Kamran Javadizadeh Courtesy of Villanova University
Kamran JavadizadehCourtesy of Villanova University
January 28, 2020
Earlier this month at the Modern Language Association (MLA)’s annual convention in Seattle, Kamran Javadizadeh, Ph.D., an associate professor of English at Villanova University, was awarded America’s 56th annual William Riley Parker Prize for his exceptional article published in the association’s journal of literary scholarship (PMLA).
Dr. Javadizadeh’s essay that appeared in the May 2019 issue of PMLA, was titled “The Atlantic Ocean Breaking on Our Heads: Claudia Rankine, Robert Lowell, and the Whiteness of the Lyric Subject.”

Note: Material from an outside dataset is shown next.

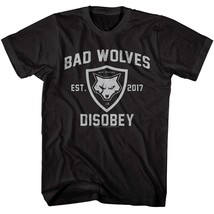 Bad Wolves Disobey 2017 Men&#39;s T Shirt - £25.14 GBP+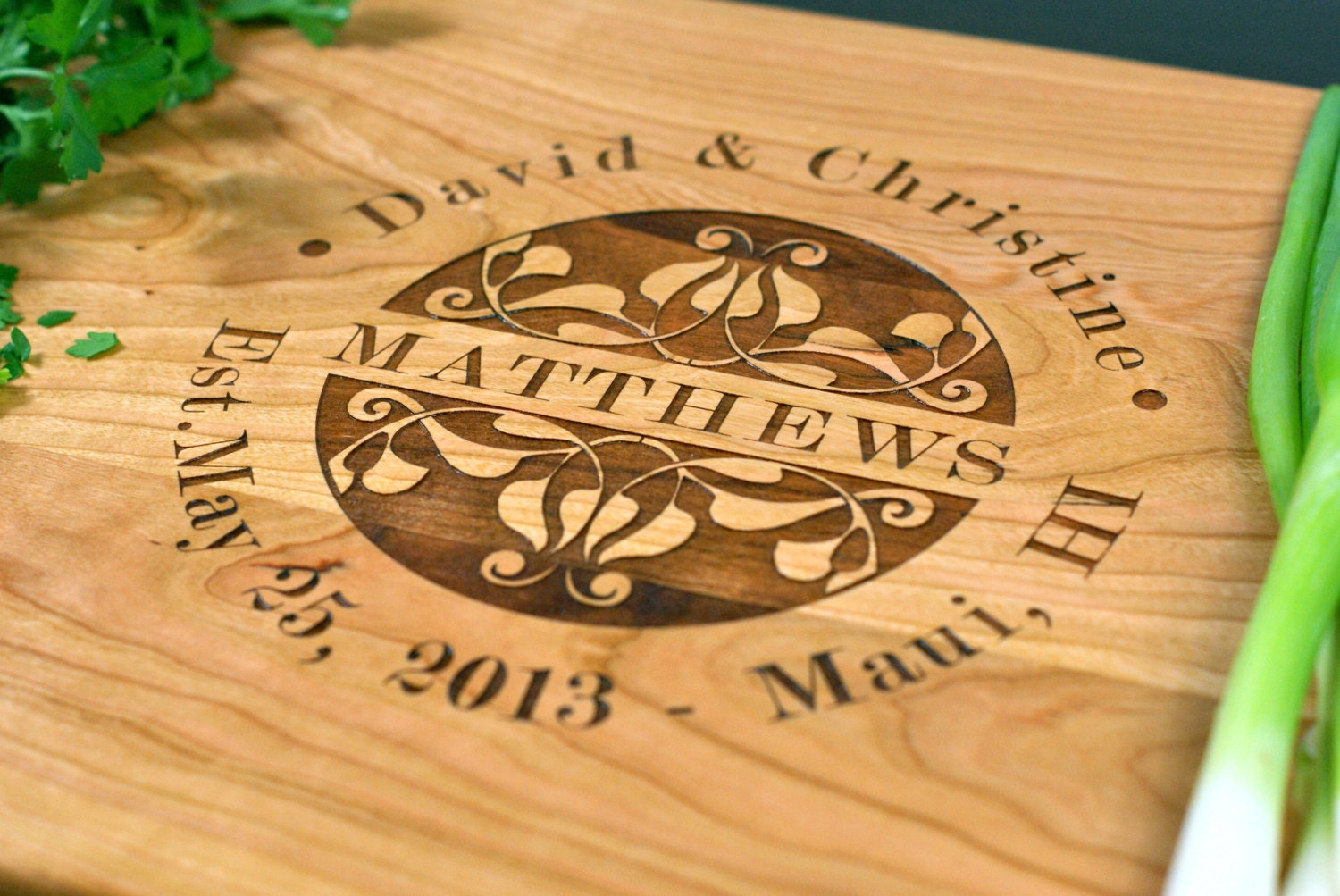 Personalized Cutting Board - Custom Engraved -12x15- Wedding Gift, Anniversary Gift, Housewarming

The MLA awards committee, upon announcing Dr. Javadizadeh’s award, claimed, “The Atlantic Ocean Breaking on Our Heads’ rose gracefully from a comparison of a line appearing in poems written by Claudia Rankine and Robert Lowell to a far-reaching and sophisticated argument about lyric subjectivity and whiteness. Based primarily on insightful close readings of texts by Rankine and Lowell, [the essay] skillfully works those astute interpretations in a broader context involving the racial dynamics of various genres of twentieth-century poetry, particularly lyric verse (confessional and experimental). Javadizadeh’s exceptionally thoughtful essay has important implications beyond the two authors at its center, making a substantial contribution to the field of new lyric studies.”
Dr. Javadizadeh’s research and teaching focus primarily on poetry and poetics. He has written numerous works, such as the forthcoming “Institutionalized Lyric: American Poetry at Midcentury” from Oxford University Press, as well as essays appearing in journals such as: “Modernism/modernity,” “Arizona Quarterly,” “The Yale Review” and other edited anthologies. He is also co-editor of Poetry Networks, a forthcoming special issue of “College Literature.” He attended Yale University to earn his doctorate and bachelors, and since has taught at Pomona College and Connecticut College. He is currently writing a new book that incorporates literary criticism, memoir, translation and the tangled histories of the United States, where he grew up, and Iran, where he was born.